I hope that the next update includes a painstakingly long death for that nasty ogre mage.
 

Darmatage said:
How do animals fit into D&D worlds, rights-wise?
Well, that pretty much depends on whether you ask a Justicar or a Druid... :)

Reyu was able to understand the bear because she cast a spell, speak with animals, which... well it, pretty much does what it says. This doesn't have any effect on an animal's intelligence, it just lets you understand them and vice versa.

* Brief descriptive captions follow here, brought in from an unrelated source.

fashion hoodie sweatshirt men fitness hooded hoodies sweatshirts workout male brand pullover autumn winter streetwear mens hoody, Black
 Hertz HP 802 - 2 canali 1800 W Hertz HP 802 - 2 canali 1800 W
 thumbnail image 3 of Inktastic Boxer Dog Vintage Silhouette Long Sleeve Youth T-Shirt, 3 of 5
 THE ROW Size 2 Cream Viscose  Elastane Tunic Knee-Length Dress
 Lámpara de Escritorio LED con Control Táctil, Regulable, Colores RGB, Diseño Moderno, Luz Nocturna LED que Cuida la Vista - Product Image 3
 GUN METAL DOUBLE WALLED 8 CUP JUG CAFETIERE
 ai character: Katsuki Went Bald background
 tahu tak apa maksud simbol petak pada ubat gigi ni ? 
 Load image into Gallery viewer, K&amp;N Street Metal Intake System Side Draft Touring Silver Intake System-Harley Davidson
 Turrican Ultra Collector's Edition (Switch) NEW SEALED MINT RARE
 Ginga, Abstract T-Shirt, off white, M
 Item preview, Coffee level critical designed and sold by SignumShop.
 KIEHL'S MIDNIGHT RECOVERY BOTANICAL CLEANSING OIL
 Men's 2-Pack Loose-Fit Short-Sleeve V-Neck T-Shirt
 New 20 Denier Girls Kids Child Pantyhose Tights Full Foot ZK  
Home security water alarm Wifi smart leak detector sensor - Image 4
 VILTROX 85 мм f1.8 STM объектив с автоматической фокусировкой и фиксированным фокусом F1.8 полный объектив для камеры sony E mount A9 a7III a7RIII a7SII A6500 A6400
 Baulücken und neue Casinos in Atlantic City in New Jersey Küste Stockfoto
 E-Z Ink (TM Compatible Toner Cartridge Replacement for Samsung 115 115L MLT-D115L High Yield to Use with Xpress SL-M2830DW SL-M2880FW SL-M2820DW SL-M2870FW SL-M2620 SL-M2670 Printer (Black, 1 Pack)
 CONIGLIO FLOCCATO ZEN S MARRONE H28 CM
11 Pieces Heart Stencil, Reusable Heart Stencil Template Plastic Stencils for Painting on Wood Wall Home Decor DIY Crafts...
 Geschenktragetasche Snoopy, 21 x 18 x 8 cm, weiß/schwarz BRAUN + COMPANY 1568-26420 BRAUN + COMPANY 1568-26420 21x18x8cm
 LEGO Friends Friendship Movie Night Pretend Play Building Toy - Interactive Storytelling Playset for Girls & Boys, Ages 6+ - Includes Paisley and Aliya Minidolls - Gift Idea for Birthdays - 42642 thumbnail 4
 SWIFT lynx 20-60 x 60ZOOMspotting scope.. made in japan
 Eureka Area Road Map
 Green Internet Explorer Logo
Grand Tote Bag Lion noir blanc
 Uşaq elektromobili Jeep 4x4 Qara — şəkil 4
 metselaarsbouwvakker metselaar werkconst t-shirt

So, it's basically like imagining that your dog could talk. He's probably going to say "Food? Food? Scratches? Scratches? Ooooh, I know! Stick! Stick! Can I? Can I?" Is that actually sentience? I leave that question to the philosophers among us. Sufficed to say, in the Halmae, it isn't.

Tho' I am reminded of something a wise man once said: "I wonder, if the trees could scream, would we still be so cavalier about cutting them down? We might be, if they screamed all the time. And for no good reason."

dpdx said:
I hope that the next update includes a painstakingly long death for that nasty ogre mage.
Stay tuned, gentle readers. Stay tuned...

Oh, and for anyone keeping score, it's actually an ogre druid. Heat metal (which Thatch got hit with and very cleverly mitigated) isn't an ogre mage spell. Or, indeed, a wizard spell at all.